EXTRACTED DATA section start

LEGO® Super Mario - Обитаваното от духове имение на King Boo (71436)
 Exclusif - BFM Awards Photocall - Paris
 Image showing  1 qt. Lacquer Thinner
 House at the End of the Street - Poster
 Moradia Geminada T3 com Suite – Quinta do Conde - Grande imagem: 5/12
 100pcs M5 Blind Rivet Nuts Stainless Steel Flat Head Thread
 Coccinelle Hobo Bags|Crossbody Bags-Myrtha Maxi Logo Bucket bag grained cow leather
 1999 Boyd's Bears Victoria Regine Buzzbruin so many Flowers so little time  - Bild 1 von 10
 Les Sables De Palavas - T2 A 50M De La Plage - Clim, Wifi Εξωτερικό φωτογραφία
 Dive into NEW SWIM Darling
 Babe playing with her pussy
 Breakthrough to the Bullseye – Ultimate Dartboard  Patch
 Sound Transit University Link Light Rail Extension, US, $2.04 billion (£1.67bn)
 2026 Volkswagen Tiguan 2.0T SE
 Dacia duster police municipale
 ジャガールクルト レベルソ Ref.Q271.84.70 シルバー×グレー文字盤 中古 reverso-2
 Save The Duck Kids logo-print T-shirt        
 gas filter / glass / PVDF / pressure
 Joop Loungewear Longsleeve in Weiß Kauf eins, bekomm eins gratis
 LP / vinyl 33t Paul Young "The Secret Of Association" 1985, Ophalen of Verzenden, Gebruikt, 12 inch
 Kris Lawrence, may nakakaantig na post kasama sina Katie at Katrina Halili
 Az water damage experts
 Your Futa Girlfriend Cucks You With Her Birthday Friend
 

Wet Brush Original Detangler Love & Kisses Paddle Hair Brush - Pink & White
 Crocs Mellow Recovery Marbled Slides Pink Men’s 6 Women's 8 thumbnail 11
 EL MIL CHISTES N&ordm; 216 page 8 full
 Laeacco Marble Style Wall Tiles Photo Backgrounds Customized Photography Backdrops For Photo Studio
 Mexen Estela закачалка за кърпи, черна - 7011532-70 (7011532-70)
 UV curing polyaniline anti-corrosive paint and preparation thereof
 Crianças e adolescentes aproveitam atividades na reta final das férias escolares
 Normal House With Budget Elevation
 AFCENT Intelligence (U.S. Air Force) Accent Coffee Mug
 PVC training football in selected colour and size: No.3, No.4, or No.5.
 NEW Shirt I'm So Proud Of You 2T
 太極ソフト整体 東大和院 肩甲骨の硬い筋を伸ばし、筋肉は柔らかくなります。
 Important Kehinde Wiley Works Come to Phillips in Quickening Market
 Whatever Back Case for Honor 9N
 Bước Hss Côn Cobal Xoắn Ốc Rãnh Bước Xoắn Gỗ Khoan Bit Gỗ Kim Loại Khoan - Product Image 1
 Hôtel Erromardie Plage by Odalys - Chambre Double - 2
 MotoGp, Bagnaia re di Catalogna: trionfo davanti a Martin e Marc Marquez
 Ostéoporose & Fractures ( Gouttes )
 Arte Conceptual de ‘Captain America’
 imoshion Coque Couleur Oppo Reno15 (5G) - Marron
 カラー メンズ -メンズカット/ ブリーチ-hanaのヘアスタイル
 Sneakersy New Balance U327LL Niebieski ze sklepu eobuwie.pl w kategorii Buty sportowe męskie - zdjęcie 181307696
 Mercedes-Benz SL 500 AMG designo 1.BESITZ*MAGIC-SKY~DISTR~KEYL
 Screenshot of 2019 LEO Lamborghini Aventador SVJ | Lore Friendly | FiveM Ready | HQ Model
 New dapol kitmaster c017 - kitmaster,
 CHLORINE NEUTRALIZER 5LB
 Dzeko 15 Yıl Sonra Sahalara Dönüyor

EXTRACTED DATA section end

**REQUIREMENT**
Copy out the listing above, line by line and exactly, from its first line to the line holding "Wet Brush Original", inclusive.

**EXERCISE RESPONSE**
LEGO® Super Mario - Обитаваното от духове имение на King Boo (71436)
 Exclusif - BFM Awards Photocall - Paris
 Image showing  1 qt. Lacquer Thinner
 House at the End of the Street - Poster
 Moradia Geminada T3 com Suite – Quinta do Conde - Grande imagem: 5/12
 100pcs M5 Blind Rivet Nuts Stainless Steel Flat Head Thread
 Coccinelle Hobo Bags|Crossbody Bags-Myrtha Maxi Logo Bucket bag grained cow leather
 1999 Boyd's Bears Victoria Regine Buzzbruin so many Flowers so little time  - Bild 1 von 10
 Les Sables De Palavas - T2 A 50M De La Plage - Clim, Wifi Εξωτερικό φωτογραφία
 Dive into NEW SWIM Darling
 Babe playing with her pussy
 Breakthrough to the Bullseye – Ultimate Dartboard  Patch
 Sound Transit University Link Light Rail Extension, US, $2.04 billion (£1.67bn)
 2026 Volkswagen Tiguan 2.0T SE
 Dacia duster police municipale
 ジャガールクルト レベルソ Ref.Q271.84.70 シルバー×グレー文字盤 中古 reverso-2
 Save The Duck Kids logo-print T-shirt        
 gas filter / glass / PVDF / pressure
 Joop Loungewear Longsleeve in Weiß Kauf eins, bekomm eins gratis
 LP / vinyl 33t Paul Young "The Secret Of Association" 1985, Ophalen of Verzenden, Gebruikt, 12 inch
 Kris Lawrence, may nakakaantig na post kasama sina Katie at Katrina Halili
 Az water damage experts
 Your Futa Girlfriend Cucks You With Her Birthday Friend
 

Wet Brush Original Detangler Love & Kisses Paddle Hair Brush - Pink & White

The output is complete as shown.